The article introduces the concept of search relevance, emphasizing its role as a core task in information retrieval and a key metric for commercial search engines. It outlines the QQ Browser search business, which serves billions of queries daily and handles diverse result types including web pages, images, mini‑programs, and video cards.
It then describes the fusion of the QQ Browser search system with the Sogou search system completed in 2021, resulting in a two‑layer architecture: a general vertical search subsystem and a main search subsystem, both feeding into a top‑level fusion layer that performs heterogeneous ranking.
The algorithmic architecture is broken down into three layers: the recall layer (textual and vector recall), the coarse‑ranking layer (lightweight relevance, semantic, static, and statistical features), and the fine‑ranking layer (multi‑objective scoring including relevance, freshness, quality, and click‑through prediction).
Evaluation combines offline metrics such as Positive‑Negative Ratio (PNR) and Discounted Cumulative Gain (DCG) with online methods like interleaving experiments and expert side‑by‑side assessments.
To address the challenges of heterogeneous data and long‑tail queries, the team introduced relevance calibration to produce globally comparable scores, and a hybrid matrix‑matching model that combines implicit BERT‑based similarity matrices with explicit term‑level matching matrices using CNN aggregation.

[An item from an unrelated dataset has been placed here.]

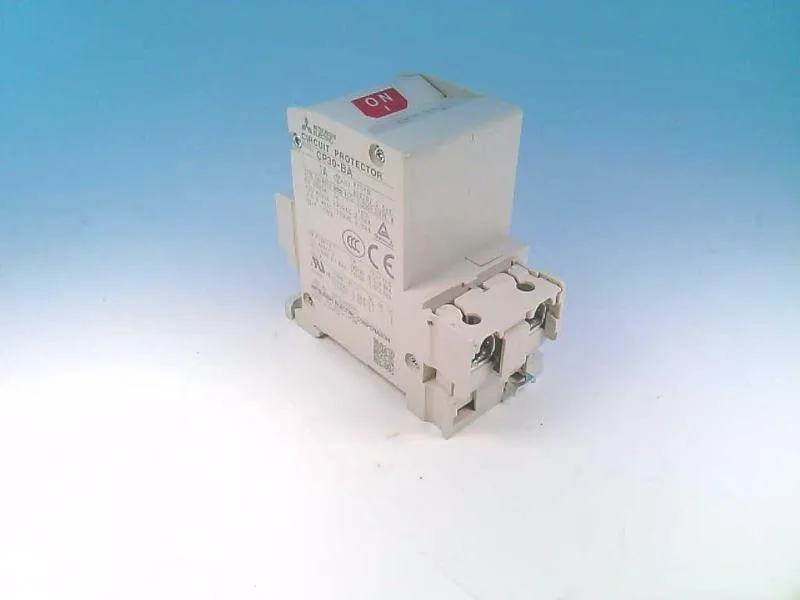 Mitsubishi Electric CP30BA2P1M1A — Miniature Circuit Breakers (MCB) (image 4)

The article also discusses deep semantic matching techniques (representation‑based dual‑tower and interaction‑based BERT models) and the adoption of relevance‑matching concepts to improve keyword precision.
Model compression is tackled via multi‑step knowledge distillation, introducing Teacher‑Assistant (TA) models to bridge the gap between large teachers and small students, resulting in 5% offline and 1‑2% online improvements in key metrics.
Finally, the authors summarize the system’s evolution, emphasizing the importance of explainable features, unified relevance standards, and ongoing investment in AI research to continuously enhance search relevance.